Task requirements: For this exercise, repeat exactly the lines below starting at the line holding "Windsor. They'll Be Linen Up Crop Top" and ending at the line holding "HANDMADE Cute Monsters", both included, with no extra lines and no pictures.

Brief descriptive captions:
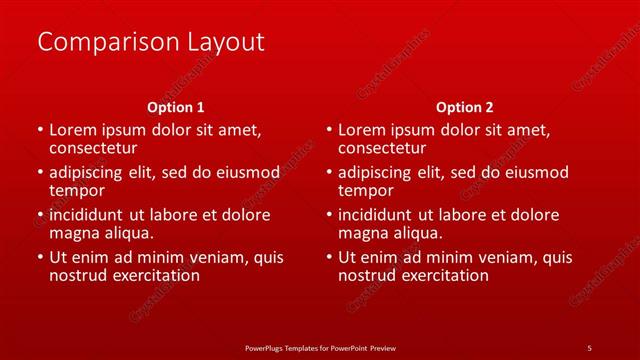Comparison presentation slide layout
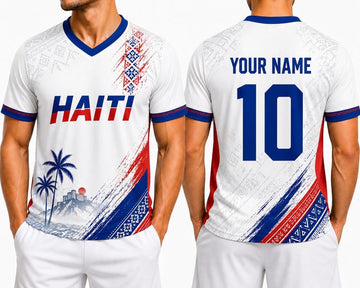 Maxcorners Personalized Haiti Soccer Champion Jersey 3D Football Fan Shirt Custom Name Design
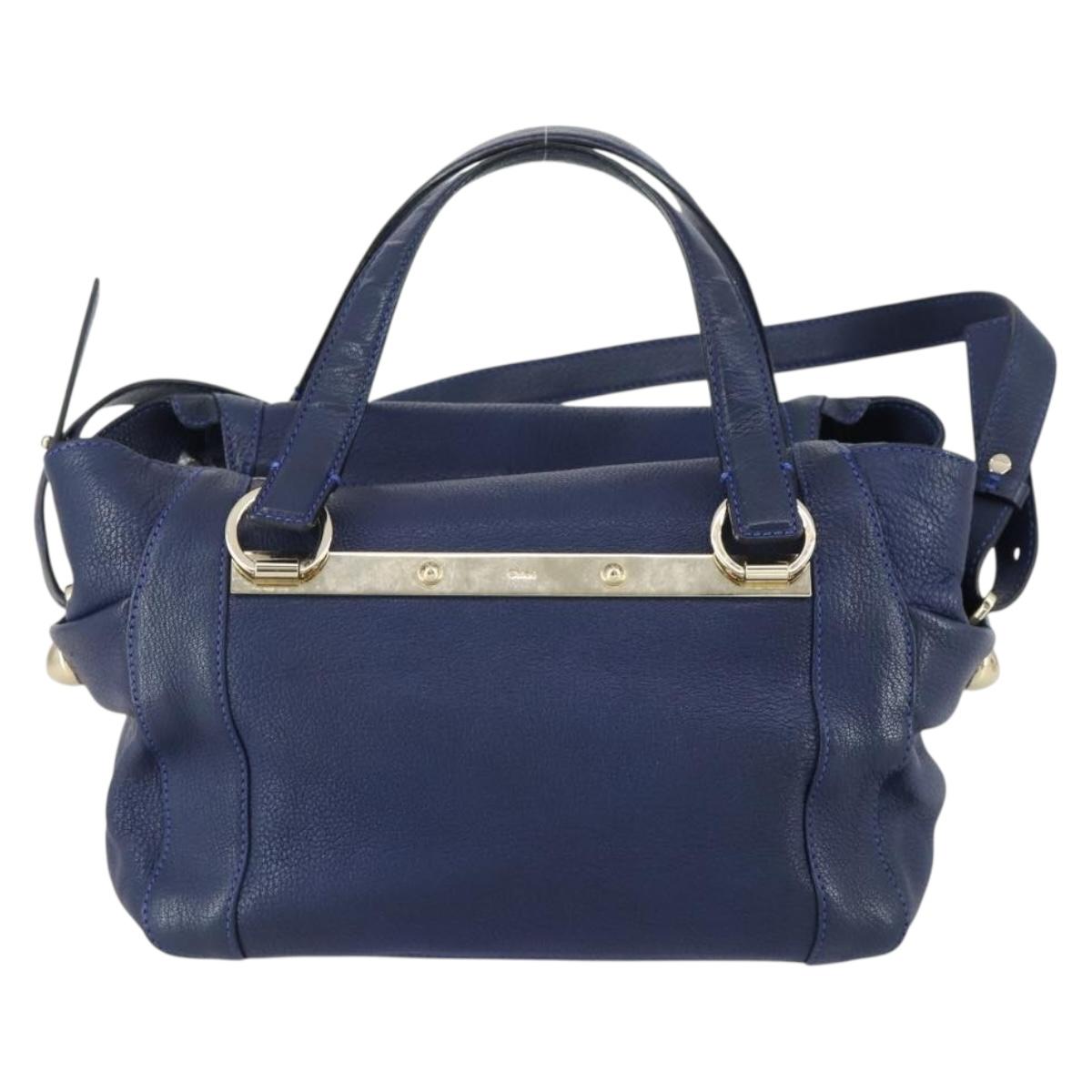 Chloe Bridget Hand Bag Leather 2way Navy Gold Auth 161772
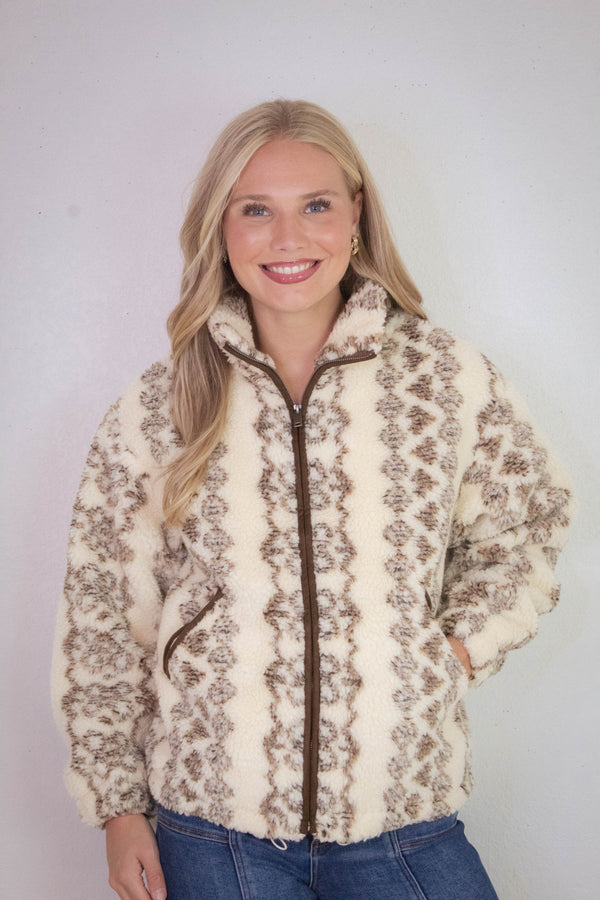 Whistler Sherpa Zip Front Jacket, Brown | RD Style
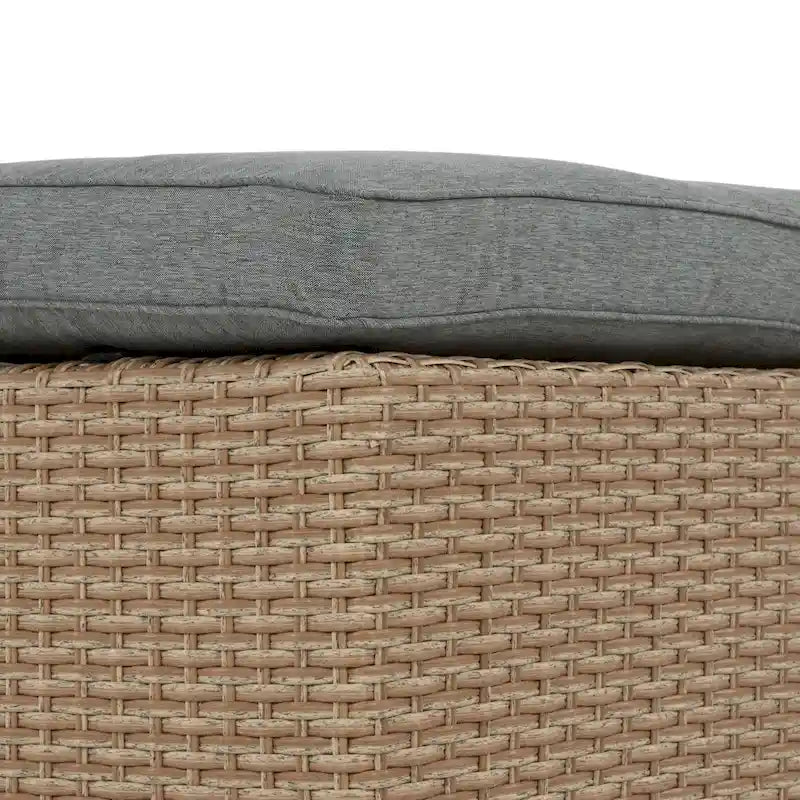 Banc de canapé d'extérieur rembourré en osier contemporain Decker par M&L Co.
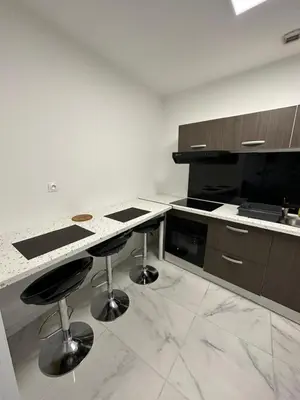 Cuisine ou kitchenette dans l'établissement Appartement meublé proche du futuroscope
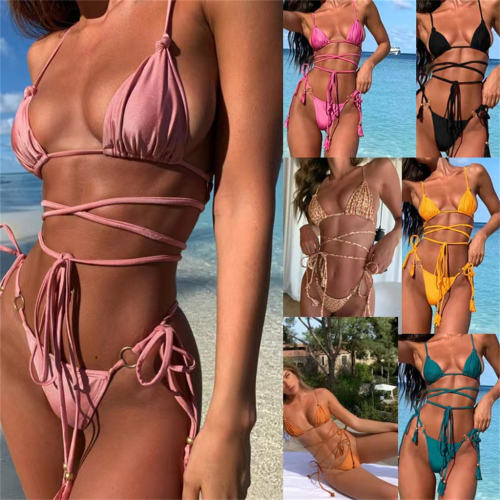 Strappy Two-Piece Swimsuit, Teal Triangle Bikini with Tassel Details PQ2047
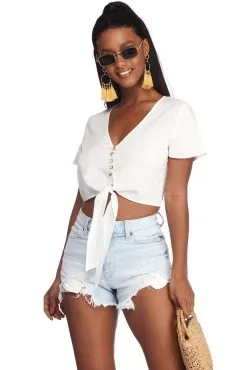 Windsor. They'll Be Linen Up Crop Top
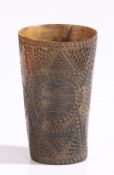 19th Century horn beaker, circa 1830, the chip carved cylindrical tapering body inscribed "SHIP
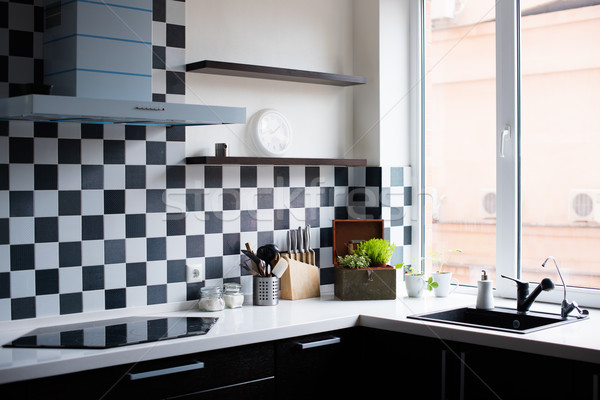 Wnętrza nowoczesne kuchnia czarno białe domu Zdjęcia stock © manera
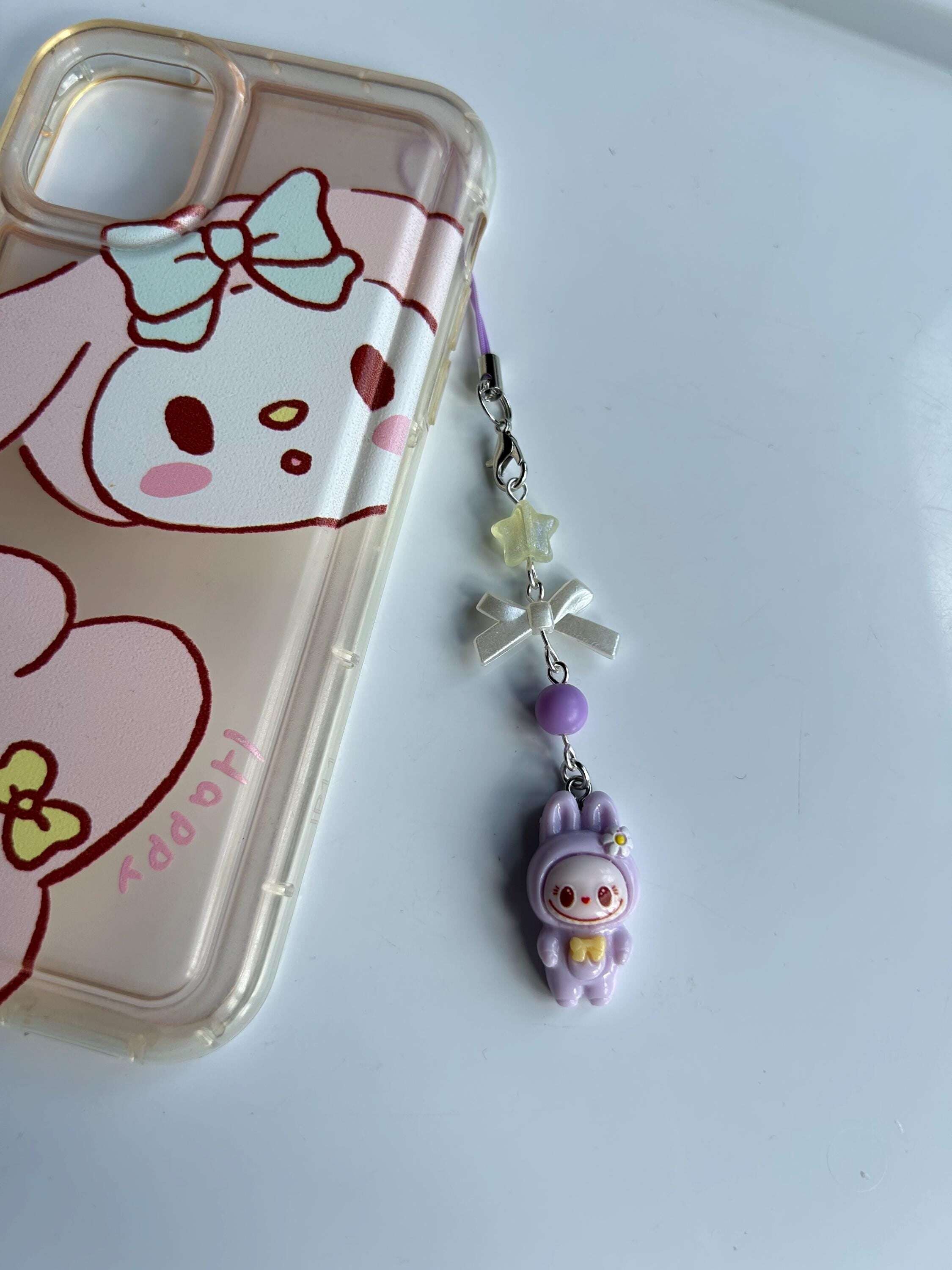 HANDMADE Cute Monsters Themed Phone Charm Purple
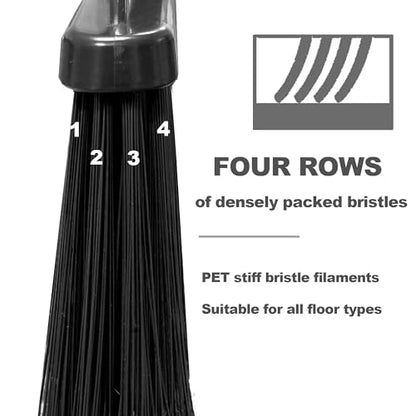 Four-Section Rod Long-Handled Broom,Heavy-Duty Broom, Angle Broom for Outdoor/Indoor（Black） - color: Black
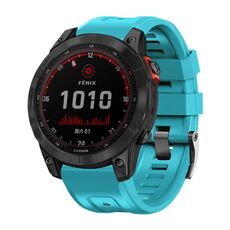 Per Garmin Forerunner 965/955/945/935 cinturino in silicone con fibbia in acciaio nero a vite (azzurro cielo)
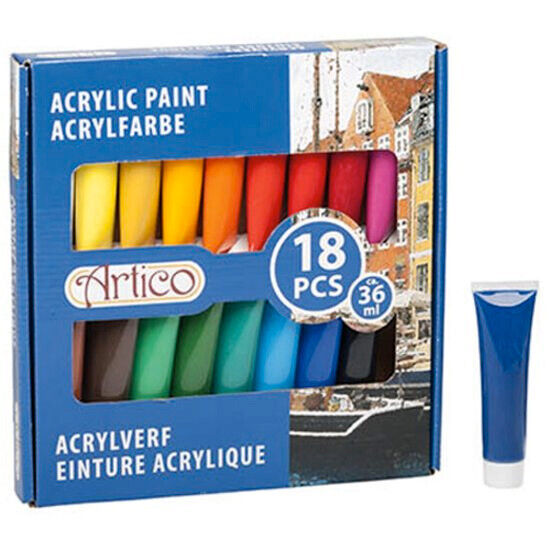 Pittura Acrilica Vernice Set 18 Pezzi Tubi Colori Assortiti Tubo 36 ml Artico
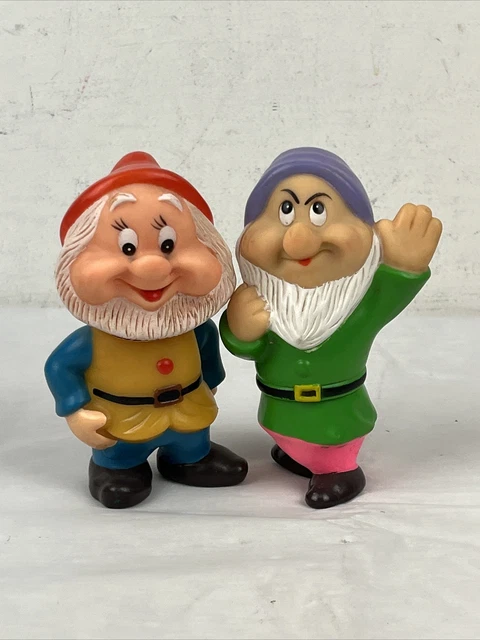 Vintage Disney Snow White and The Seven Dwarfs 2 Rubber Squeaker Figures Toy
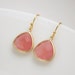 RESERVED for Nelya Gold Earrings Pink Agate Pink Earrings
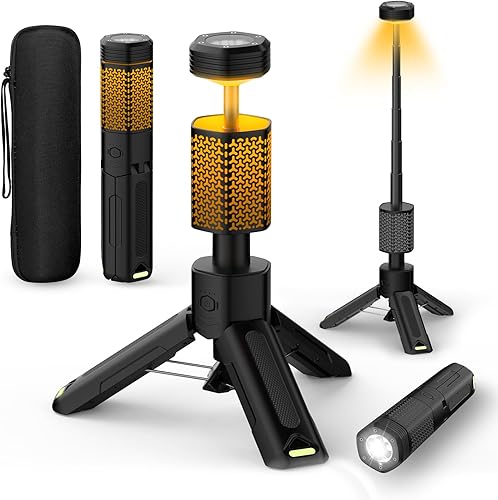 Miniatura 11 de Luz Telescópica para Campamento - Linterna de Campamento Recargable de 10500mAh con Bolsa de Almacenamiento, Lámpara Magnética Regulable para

Reply:
 Windsor. They'll Be Linen Up Crop Top
 19th Century horn beaker, circa 1830, the chip carved cylindrical tapering body inscribed "SHIP
 Wnętrza nowoczesne kuchnia czarno białe domu Zdjęcia stock © manera
 HANDMADE Cute Monsters Themed Phone Charm Purple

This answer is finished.